The two bombers took off at short notice from Barksdale Air Force Base in Louisiana for the non-stop, 36-hour mission to cross Europe and then the Arabian Peninsula to the Gulf, looping near Qatar while keeping a "safe distance" from Iran's coastline, US defence officials said.
US Central Command commander General Frank McKenzie said the mission, the second such in two months, "was designed to underscore the US military's commitment to its regional partners, while also validating the ability to rapidly deploy combat power anywhere in the world".
While Gen McKenzie did not name Iran as the focus of the mission, the US has used shows of force in the air and on the sea to deter Tehran from "malign behaviour" toward US forces and allies in the Gulf.
"Potential adversaries should understand that no nation on earth is more ready and capable of rapidly deploying additional combat power in the face of any aggression," Gen McKenzie said in a statement.
The flight was co-ordinated with US allies, and aircraft from Saudi Arabia, Bahrain and Qatar flew with the bombers as they traversed the airspace, according to a US defence official.

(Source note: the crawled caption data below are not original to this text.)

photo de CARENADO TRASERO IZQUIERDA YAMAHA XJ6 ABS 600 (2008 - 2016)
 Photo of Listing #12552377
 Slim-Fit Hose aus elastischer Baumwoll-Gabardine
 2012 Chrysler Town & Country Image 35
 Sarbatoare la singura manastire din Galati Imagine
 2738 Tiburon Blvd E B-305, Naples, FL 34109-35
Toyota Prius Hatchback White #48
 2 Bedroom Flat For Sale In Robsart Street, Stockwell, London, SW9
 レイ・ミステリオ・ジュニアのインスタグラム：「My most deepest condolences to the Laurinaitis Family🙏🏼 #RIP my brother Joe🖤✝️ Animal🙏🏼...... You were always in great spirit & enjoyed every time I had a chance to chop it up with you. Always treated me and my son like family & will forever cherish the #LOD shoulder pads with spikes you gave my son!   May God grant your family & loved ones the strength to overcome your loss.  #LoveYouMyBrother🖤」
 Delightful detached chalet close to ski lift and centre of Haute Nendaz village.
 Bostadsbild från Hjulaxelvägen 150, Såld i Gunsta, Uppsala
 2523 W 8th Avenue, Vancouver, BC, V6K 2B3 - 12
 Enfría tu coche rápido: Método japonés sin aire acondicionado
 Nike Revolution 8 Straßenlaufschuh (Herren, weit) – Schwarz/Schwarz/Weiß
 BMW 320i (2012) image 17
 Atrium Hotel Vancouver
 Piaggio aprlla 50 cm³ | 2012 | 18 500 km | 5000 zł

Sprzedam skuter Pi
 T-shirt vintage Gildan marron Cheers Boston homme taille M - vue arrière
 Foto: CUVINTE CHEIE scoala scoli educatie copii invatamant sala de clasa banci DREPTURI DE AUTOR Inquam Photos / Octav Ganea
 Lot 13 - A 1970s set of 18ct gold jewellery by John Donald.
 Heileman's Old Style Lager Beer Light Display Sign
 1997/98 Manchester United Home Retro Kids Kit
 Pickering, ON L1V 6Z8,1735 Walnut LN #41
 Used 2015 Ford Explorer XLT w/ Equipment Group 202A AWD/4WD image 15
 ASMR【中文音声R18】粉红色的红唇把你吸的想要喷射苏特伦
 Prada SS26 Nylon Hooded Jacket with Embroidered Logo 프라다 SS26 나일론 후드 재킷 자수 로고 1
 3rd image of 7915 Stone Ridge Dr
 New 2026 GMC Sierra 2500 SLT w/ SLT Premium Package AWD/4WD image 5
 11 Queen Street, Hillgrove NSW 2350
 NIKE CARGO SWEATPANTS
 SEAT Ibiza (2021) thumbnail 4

In the last year President Donald Trump has ordered the Pentagon to slash US troop numbers in Iraq to just 2,500 by mid-January, the lowest level since 2003.
Likewise, he is cutting the number of troops on the ground in Afghanistan and Somalia.
But the US Navy has kept a significant presence in the region.
A carrier group led by the nuclear-powered USS Nimitz sailed into the Gulf in late November.
Speaking at a virtual conference sponsored by Defence One after the announcement, Gen McKenzie pointed out that the B-52 deployment came nearly one year after US forces killed Iranian Quds Force commander Qassem Suleimani while he was visiting Baghdad on January 3, 2020.
Since then Iran has been expected to try to retaliate, and even more so since the assassination inside Iran of senior nuclear scientist Mohsen Fakhrizadeh last month, which Tehran blames on Israel.
"I think they were embarrassed by it," Gen McKenzie said of Fakhrizadeh's murder.
"I think they're searching for a way to respond... But their process is often slow and often not completely synchronized. So I think they are still working what that's going to be."
The Centcom commander said he was always in discussions with Pentagon leadership on what kind and size of presence the US military needs to deter Iran.
"Because that is our intent: to convince them that it is not in their interest to lash out, it is not in their interest to attack us either directly or indirectly," he said.